**Exercise goal:** Scan the records below for the line with "Used Nissan X-Trail" and the line with "Bewakoof - Official". Repeat those two lines and every line between them exactly, and nothing else.

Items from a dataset
%%

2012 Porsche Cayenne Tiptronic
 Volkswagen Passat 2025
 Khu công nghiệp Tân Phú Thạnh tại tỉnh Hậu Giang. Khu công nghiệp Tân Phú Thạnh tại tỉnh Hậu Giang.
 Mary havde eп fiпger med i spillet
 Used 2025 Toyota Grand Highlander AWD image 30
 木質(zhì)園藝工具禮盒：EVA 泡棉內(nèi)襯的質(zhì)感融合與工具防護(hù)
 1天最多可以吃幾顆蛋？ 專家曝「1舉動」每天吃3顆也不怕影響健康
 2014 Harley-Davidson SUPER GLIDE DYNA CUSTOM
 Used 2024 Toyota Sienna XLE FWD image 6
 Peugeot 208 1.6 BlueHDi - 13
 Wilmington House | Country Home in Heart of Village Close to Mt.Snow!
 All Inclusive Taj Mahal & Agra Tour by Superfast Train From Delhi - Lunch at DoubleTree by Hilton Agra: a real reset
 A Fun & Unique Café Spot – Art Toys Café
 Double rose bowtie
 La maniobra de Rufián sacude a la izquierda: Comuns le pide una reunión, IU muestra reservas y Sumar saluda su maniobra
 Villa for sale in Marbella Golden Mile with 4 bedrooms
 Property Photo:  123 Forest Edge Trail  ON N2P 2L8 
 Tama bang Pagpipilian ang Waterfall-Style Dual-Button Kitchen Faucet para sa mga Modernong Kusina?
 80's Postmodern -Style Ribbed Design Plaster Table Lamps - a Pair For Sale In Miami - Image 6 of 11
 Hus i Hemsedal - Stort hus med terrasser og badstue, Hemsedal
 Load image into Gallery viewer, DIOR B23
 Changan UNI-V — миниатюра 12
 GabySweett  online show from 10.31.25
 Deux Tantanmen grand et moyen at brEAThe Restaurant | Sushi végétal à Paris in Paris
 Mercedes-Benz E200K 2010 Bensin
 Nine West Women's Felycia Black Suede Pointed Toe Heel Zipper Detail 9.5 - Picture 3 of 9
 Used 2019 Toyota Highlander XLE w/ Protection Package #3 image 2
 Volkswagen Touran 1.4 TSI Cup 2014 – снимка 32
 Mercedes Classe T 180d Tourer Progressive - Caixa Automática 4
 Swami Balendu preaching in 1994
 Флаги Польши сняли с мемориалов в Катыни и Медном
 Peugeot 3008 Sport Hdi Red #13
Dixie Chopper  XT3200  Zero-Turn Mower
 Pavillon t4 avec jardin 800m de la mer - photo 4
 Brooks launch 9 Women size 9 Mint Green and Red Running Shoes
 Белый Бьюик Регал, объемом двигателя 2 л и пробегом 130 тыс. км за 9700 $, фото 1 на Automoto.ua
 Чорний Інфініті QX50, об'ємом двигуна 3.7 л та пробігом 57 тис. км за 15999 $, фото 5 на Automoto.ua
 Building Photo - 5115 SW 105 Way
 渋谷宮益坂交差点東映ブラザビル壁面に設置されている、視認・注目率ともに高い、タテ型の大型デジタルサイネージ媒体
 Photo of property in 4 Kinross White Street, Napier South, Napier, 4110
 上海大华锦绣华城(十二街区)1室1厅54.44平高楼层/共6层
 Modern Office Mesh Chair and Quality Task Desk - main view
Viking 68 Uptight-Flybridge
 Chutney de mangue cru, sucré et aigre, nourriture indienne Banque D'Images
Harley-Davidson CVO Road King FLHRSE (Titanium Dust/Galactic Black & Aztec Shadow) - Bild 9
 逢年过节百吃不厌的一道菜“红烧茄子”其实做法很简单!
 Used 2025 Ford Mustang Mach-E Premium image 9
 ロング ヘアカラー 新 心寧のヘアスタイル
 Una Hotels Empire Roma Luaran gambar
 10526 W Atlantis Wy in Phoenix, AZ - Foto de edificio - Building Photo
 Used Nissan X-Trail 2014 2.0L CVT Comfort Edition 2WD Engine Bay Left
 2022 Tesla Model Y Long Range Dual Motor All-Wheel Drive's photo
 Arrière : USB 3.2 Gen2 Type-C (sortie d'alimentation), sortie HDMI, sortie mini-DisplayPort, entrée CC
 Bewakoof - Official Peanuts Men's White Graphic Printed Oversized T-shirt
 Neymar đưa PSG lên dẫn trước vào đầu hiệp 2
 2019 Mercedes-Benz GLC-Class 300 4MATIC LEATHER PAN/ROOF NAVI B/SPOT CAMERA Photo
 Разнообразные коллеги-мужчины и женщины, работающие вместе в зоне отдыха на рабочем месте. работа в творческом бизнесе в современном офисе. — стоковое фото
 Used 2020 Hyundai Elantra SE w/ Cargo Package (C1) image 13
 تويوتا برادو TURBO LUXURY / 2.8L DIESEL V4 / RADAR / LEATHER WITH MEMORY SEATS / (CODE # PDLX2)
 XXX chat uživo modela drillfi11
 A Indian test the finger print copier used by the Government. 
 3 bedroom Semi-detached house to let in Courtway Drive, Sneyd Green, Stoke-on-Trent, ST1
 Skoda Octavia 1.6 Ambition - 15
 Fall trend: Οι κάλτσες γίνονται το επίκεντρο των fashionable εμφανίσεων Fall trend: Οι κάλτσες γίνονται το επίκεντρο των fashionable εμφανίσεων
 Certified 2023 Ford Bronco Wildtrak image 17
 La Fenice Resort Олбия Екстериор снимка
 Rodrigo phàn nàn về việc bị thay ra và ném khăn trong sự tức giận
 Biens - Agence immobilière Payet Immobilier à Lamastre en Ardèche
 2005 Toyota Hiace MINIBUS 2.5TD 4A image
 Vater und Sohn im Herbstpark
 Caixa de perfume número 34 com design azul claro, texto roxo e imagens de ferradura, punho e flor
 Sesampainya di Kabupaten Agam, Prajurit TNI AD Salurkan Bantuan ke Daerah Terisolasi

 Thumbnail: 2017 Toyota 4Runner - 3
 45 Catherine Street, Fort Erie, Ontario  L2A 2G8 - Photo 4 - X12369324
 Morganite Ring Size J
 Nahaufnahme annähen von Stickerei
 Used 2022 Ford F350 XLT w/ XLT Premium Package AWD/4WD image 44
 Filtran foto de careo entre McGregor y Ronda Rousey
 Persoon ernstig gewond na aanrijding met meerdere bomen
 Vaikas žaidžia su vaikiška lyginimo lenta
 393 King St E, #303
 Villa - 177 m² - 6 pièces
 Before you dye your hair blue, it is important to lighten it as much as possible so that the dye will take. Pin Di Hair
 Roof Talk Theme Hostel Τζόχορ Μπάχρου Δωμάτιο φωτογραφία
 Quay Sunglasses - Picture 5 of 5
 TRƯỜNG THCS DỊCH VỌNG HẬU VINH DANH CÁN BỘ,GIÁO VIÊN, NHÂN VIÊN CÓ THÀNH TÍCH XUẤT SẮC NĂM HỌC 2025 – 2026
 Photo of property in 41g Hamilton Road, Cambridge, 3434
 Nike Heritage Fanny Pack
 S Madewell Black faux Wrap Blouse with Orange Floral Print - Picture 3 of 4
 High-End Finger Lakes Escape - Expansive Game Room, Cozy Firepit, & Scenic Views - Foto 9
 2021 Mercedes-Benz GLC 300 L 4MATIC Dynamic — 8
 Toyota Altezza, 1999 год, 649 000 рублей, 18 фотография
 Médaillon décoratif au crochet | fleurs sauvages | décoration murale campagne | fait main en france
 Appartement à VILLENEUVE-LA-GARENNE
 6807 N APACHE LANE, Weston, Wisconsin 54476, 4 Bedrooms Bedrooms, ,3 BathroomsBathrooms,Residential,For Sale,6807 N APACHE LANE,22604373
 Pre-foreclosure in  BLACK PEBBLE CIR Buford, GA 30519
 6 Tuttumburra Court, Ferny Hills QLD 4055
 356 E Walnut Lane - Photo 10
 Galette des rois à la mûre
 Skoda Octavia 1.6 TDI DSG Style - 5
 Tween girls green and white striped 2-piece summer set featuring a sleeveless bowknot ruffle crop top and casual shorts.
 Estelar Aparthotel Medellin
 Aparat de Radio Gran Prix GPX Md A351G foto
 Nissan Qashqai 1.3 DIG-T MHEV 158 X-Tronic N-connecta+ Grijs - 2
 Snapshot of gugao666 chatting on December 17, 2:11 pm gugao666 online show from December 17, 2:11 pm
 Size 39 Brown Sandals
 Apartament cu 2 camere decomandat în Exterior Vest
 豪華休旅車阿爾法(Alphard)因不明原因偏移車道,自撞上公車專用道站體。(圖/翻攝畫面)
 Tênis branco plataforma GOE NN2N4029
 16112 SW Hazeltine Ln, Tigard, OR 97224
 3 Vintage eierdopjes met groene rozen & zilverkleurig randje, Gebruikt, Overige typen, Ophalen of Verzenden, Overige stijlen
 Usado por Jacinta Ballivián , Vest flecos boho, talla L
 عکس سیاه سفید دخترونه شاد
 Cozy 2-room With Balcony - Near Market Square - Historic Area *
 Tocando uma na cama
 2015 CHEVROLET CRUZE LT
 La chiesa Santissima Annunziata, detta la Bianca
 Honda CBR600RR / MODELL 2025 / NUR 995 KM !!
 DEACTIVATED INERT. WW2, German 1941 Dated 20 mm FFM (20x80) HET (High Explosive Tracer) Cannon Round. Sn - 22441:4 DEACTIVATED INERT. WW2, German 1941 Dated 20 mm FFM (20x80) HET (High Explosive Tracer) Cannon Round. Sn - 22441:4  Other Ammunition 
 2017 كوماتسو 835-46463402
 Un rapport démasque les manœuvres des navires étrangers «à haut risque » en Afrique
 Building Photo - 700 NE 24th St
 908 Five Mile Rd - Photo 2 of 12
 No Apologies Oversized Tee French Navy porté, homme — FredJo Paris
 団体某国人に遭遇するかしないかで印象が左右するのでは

%%

**Task answer:**
 Used Nissan X-Trail 2014 2.0L CVT Comfort Edition 2WD Engine Bay Left
 2022 Tesla Model Y Long Range Dual Motor All-Wheel Drive's photo
 Arrière : USB 3.2 Gen2 Type-C (sortie d'alimentation), sortie HDMI, sortie mini-DisplayPort, entrée CC
 Bewakoof - Official Peanuts Men's White Graphic Printed Oversized T-shirt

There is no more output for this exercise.